The Kentucky Open Meetings Act allows public agencies to meet in private for several legitimate reasons. Those exceptions can be abused, so public-agency members should be free to speak about such meetings without fear of official retribution. In the absence of journalists and others who act as watchdogs on government activities, public-agency members are the only available watchdogs, on themselves. They should not be muzzled. If they abuse their right of free speech, they are subject to political retribution by their fellow members and the voters.

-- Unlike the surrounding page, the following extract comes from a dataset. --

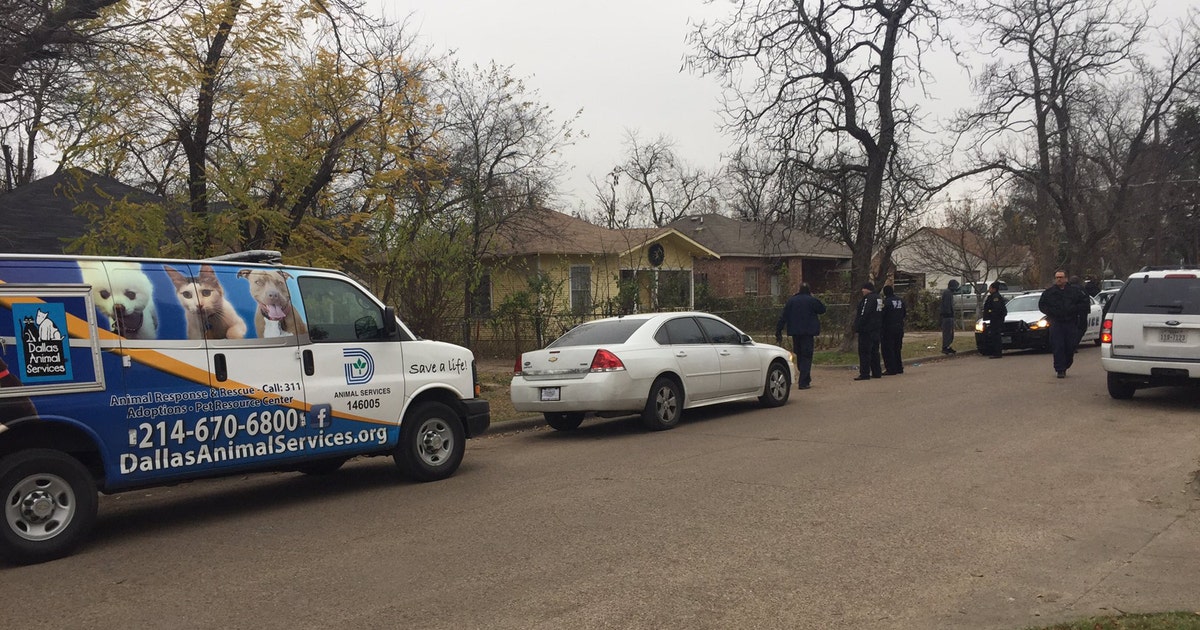 Aggressive dog shot after mauling Dallas woman | FOX 4 Dallas-Fort Worth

Such whistleblowers should not be subject to official retribution, which appears to be the plan in Frankfort. The proposal there arose after one city commissioner told The State Journal what happened in a closed session immediately before the city manager was fired in open session (without any real discussion of the move) and another commissioner said the mayor had three votes going into the meeting to accomplish the firing.
The State Journal has filed a complaint with the attorney general, alleging that two commissioners and the mayor (a majority of the commission) violated the “rolling quorum” provision of the law, “which prohibits elected leaders from hashing out public policy in individual conversations rather than in full view of taxpayers,” as the newspaper accurately describes it in an editorial.
The State Journal also says, “While we agree that such disclosures should be rare, latitude must be left for an elected official to blow the whistle on illegal or improper behavior behind closed doors. An airtight ban almost certainly would violate an elected official’s First Amendment rights, if not a state law that protects whistleblowers.”
We agree, and ask the Frankfort city commission to forget this ill-advised notion – which would surely cost taxpayers for the defense of a lawsuit the city is likely to lose – and pay attention to the open-meetings law.
Tom Eblen, president
Al Cross, secretary
Approved by the chapter board, Oct. 11, 2020.